Setup NSS inside containers used in Tool Labs
Closed, ResolvedPublic

Description

Containers need a NSS config that contacts the labs LDAP for user / group information. This is required because:

  1. Our cluster enforces that tools must run as a specific UID that's associated with their LDAP account. This is both to protect against issues when tools run as root inside containers, and to make NFS permissions work ok.
  2. There is no user entry for this UID / GID inside the container (/etc/passwd, /etc/group, etc). This will cause programs that attempt to get the name of current user (Which is a lot of them) to crash

Figure out what is the appropriate NSS configuration to use inside containers, as well as how to best refresh and redeploy them.

Options include:

  1. Bake them into the container.

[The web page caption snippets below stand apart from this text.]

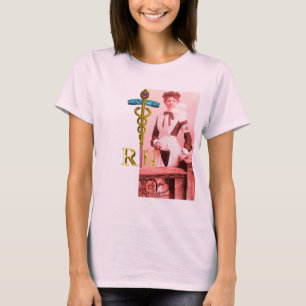 T-shirt VINTAGE NURSE et Gold Caduceus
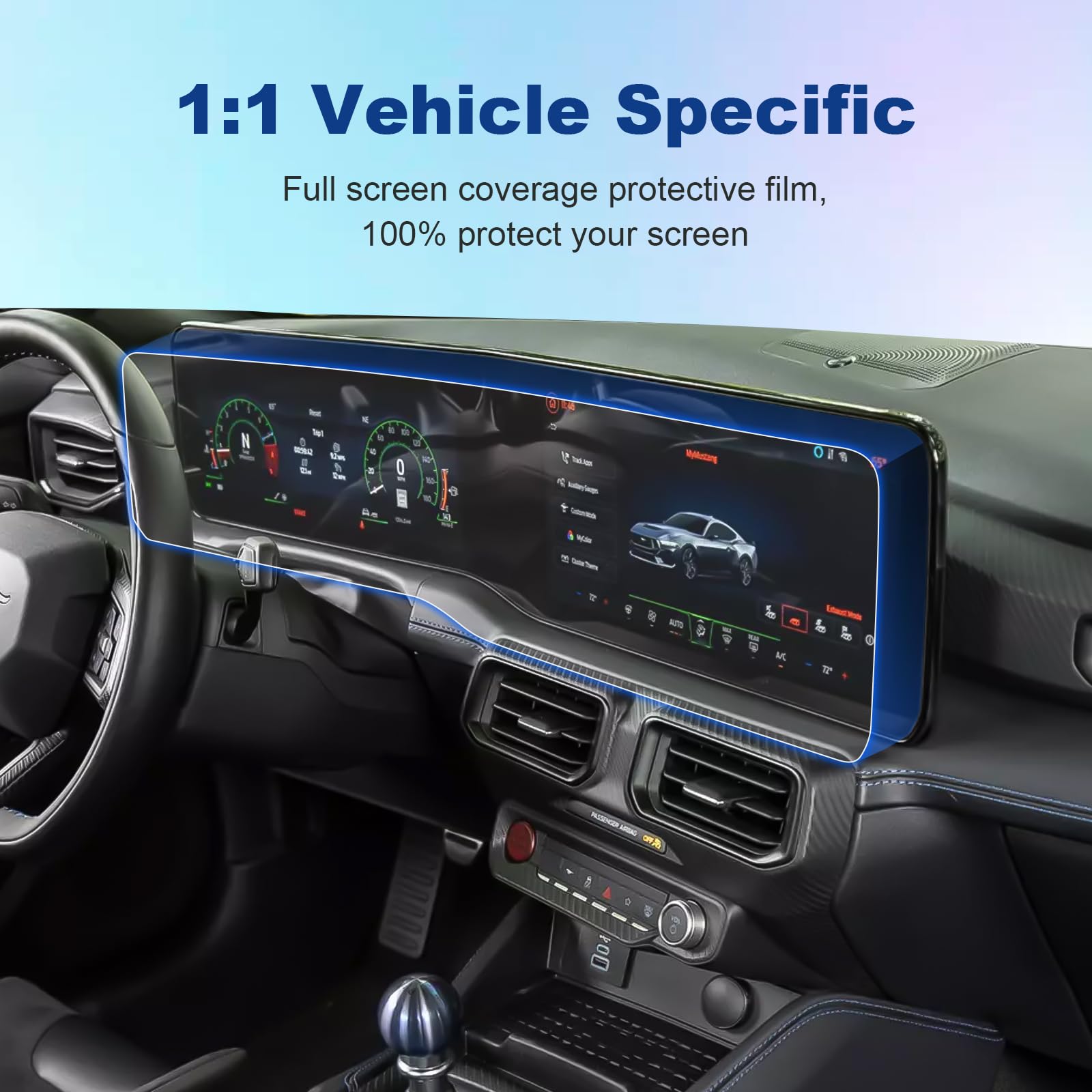 Coleya (2Pcs) 2024 2025 Mustang Screen Protector For Ford Mustang Lcd Display(All-In-One) 13.2In Navi+12.4In Dash, 2025 Mustang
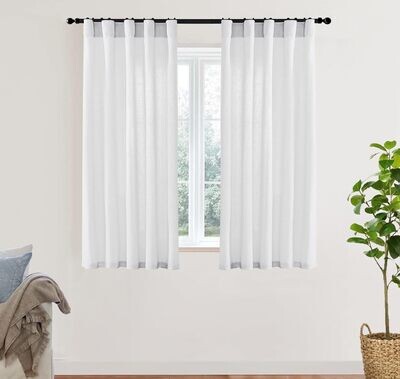 XTMYI 54 Inch Length White Short Curtains for Windows Living Room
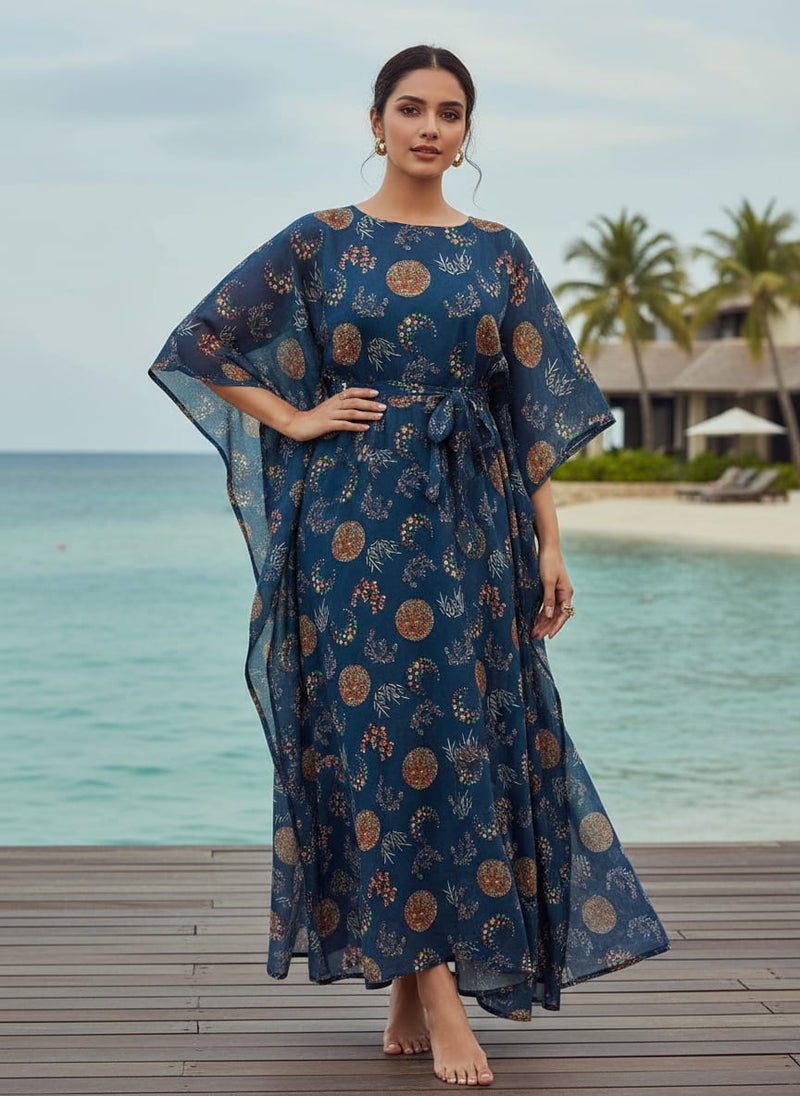 Beautiful Quirky Pattern over Blue Base Digital Printed Fabric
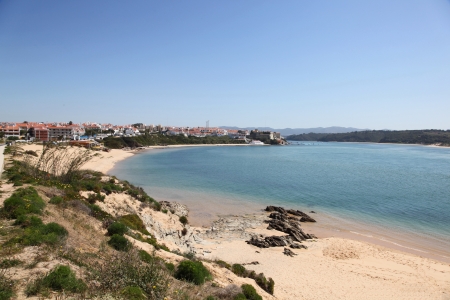 The beautiful  Mira River at Vila Nova de Milfontes. This Portuguese riverside town is a popular tourist destination on the Atlantic Coast.の写真素材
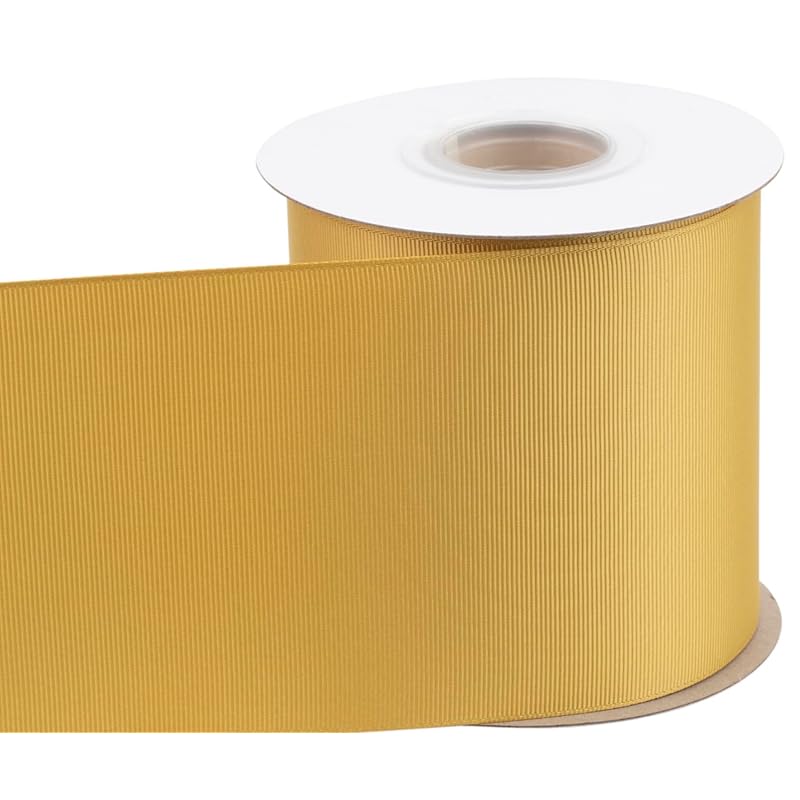 [Tekdeere]Width 100mm Solid Gold Grosgrain Ribbon, Perfect for Gift Wrapping, Sewing, Hair Accessories, Wedding Decoration - 22 Meters/roll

This is simplest, but then rebuild and redeploy can take a while when needed
  2. Write the config out with puppet in the k8s worker nodes, mount it readonly by default with an admission controller
  3. Something else.

(1) might be the simplest / right thing to do, but it'll make our containers useless outside of labs environment. (2) is a bit ugly but very effective, and decouples container building from our environment specific stuff. (3) could be ConfigMap or similar alternative, but I am not too sure those will work in a reasonably foolproof manner.

Event Timeline

This should also run without nscd / nslcd caching daemons.

I realized after reading through more documentaiton that I don't actually want PAM but I want NSS.

yuvipanda renamed this task from Setup PAM inside containers used in Tool Labs to Setup NSS inside containers used in Tool Labs.May 10 2016, 7:56 AM
yuvipanda updated the task description. (Show Details)

It's actually NSS, not PAM.

After some experimentation, libnss-ldapd which is the recommended setup, works *almost flawlessly* out of the box, except for the fact that it requires nslcd be running :( This is unideal, since we'd like one container to have only logical process. We'd have to have some form of init process in each container to manage nslcd, and resource accounting becomes problematic as well. I'd very much prefer to not do this.

The other option is libnss-ldap, which is older, buggier, doesn't seem to support all the features of libnss-ldapd, but doesn't require a daemon. @MoritzMuehlenhoff explicitly recommended against it, so I'd prefer to not use it, but it does work without requiring a daemon for most cases (doesn't support multiple groups per user it looks like. Maybe that's just a configuration issue?). we also use libnss-ldapd in labs already, so this would be a confusing change-up.

Our options realistically are:

  1. Figure out a way to run libnss-ldapd in containers without requiring the nslcd daemon
  2. Run nslcd one per worker node via a kubernetes daemonset (which were designed for use cases like this), and mount the socket on all containers with an admission controller. This should be ok if we are comfortable with the security implications of this.
  3. Something else not listed here, hackier or nicer.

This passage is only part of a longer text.